政府には是非、その言葉どおり、女性が出産しても働き続けられる環境つくりを推進して欲しいと思います。それは、日本経済復活に向けた切り札、などのマクロな理由ではなく、私たち一人ひとりの女性の視点からのミクロな理由からです。社会・経済環境が変化してきていることから、今までよりも働かないでいることのリスクが高まっており、出産後も必要な休みをとった後は、以下の観点から女性は働き続けたほうが自分の身を守ることにつながると考えます。(出産後、体調などの理由で働くことを断念せざるを得ない人の対策も、もちろん、行政がサポートする仕組みが求められます。)

■出産後も働き続けたほうがいい理由
出産後も働き続けることには、少なくとも以下の3つのメリットがあると思います。
(1)現在のお金に余裕が持て、経済的自由を手に入れることができる
(2)復職できないリスクを減らし、将来のお金の不安を減らす
(3)気持ちの面で「やりがい」を維持する

(1)現在のお金に余裕を持ち、経済的余裕を手に入れる
パートナーと両輪で稼いだ方が、経済的リスクが減ります。まず、二人で稼いだほうが収入が増えます。また、終身雇用と年功序列による報酬制度も崩れている今、パートナーの給料も安定的に増えていくことも期待しにくいですし、ある日突然リストラされたり、あるいは病気等により仕事を継続できない状況になったりする可能性は否定できません。二人で稼いでいる方が、そういったリスクをヘッジすることが出来ます。さらに、時間が経つにつれて、離婚という選択をせざるを得ないこともあるわけですが、そういう場合にも自分が外で働いて一定の収入があることは、決断をする上で、経済的に大きな支えになります。

(2)復職できないリスクを減らし、将来のお金の不安を減らす
今の日本では残念ながら、一度辞めた会社に入りなおすことを認める企業はまだごくごく一部しかありません。現状では、女性が出産を機に辞めてしまうと、そのあと同じような会社に同じ条件で勤めることはとても難しくなっています。だからこそ、安易に退職を決めるのではなく、まずは休暇等の制度をフル活用して再度働き続ける道を考えてほしいと思います。辞める決断はいつでもできるのですから。

(3)気持ちの面で「やりがい」を維持する
 「毎日でかけるところがある」というのは、しなくなってみるとその違いに愕然とすることがあります。もちろん仕事をしていなくても、必要とされていることを感じることはできます。ただ、それまで会社なり学校なりに毎日行かれていた場合、ある日から一日家にいなくてはならないときに、何らかの違和感がある人も多いのではないでしょうか。仕事をやめてから、「急に社会から切り離されたような気持ちになった」という声も数多く聴いたことがあります。子どもを通した社会のつながりも貴重です。しかし、どんなに可愛い子どももいつかは大人になって自立していきます。そうしたときに社会とのつながりをどのように確保していくかという点も念頭においておく必要があります。

■まとめ
私自身も子どもを育てながら仕事をしていて、自分が会社を辞めた16年前と比べ、確かにまだまだ変わっていない面が多いと感じます。長時間労働を前提とした組織、それによる評価など、「女性が働き続ける」ということに関して、根本的な「仕事の仕組み」は変わっていない部分が多いことも実感しています。でも、今ようやく、まだまだ男性目線からかもしれませんが、女性を本気で登用しようという機運が高まってきたことも事実です。

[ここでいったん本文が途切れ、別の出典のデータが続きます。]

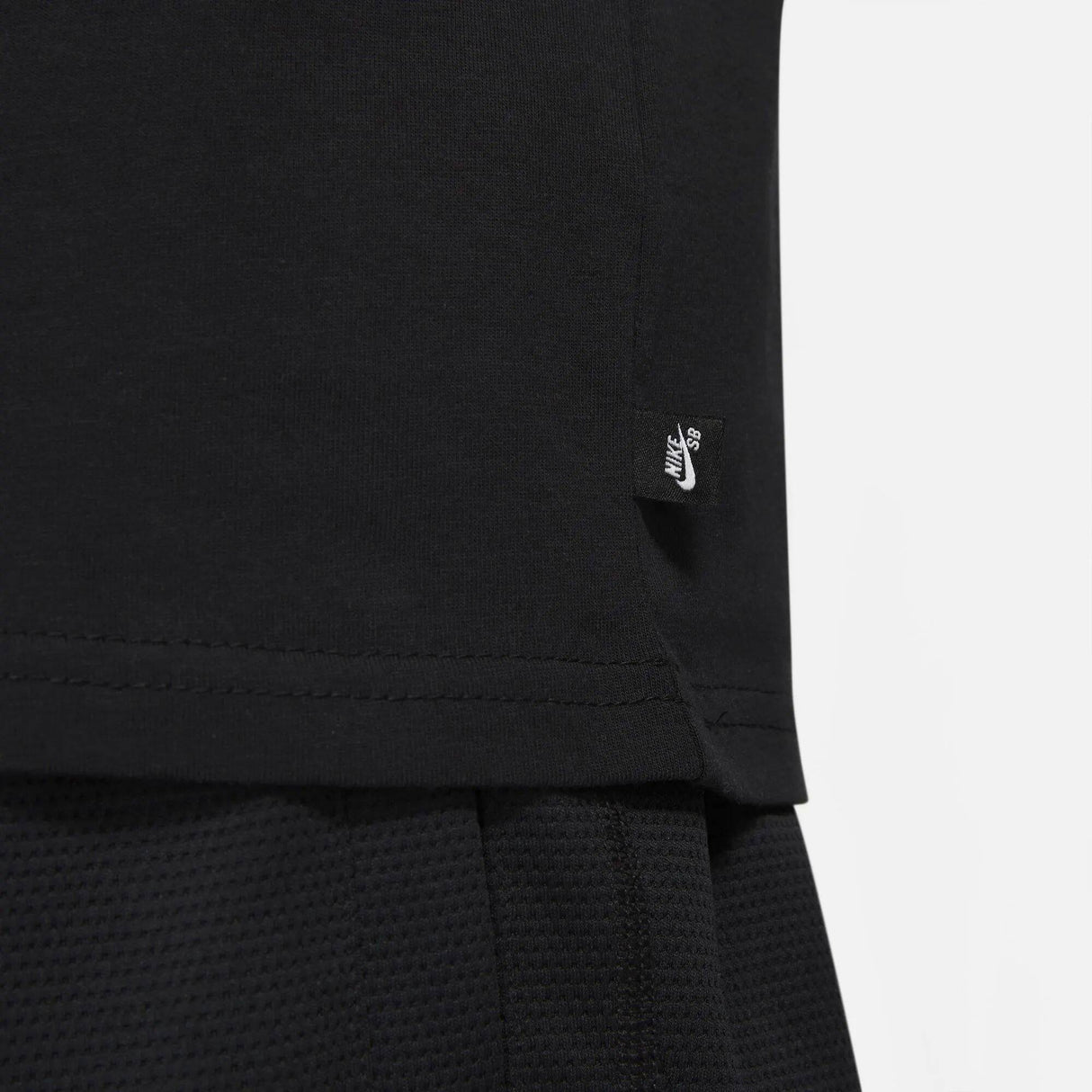 Nike SB Stamp T Shirt - Black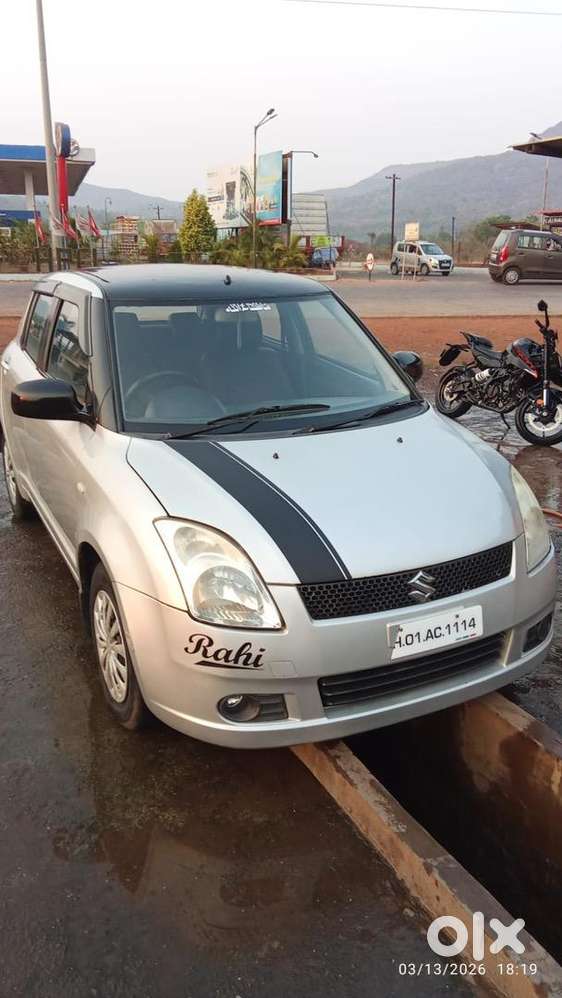 Maruti Suzuki Swift 2007 Petrol Well Maintained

完璧な準備をしてからのスタート、はありません。目標値を決める「クオーター制」にも、問題がまったくないわけではありません。でも、今、会社で働いている女性の皆さんには、この機会を無駄にしてほしくない、簡単にあきらめてほしくない、と思います。制度は年々改善されていく方向性にあるので、粘っていれば問題が解決することもあるかもしれません。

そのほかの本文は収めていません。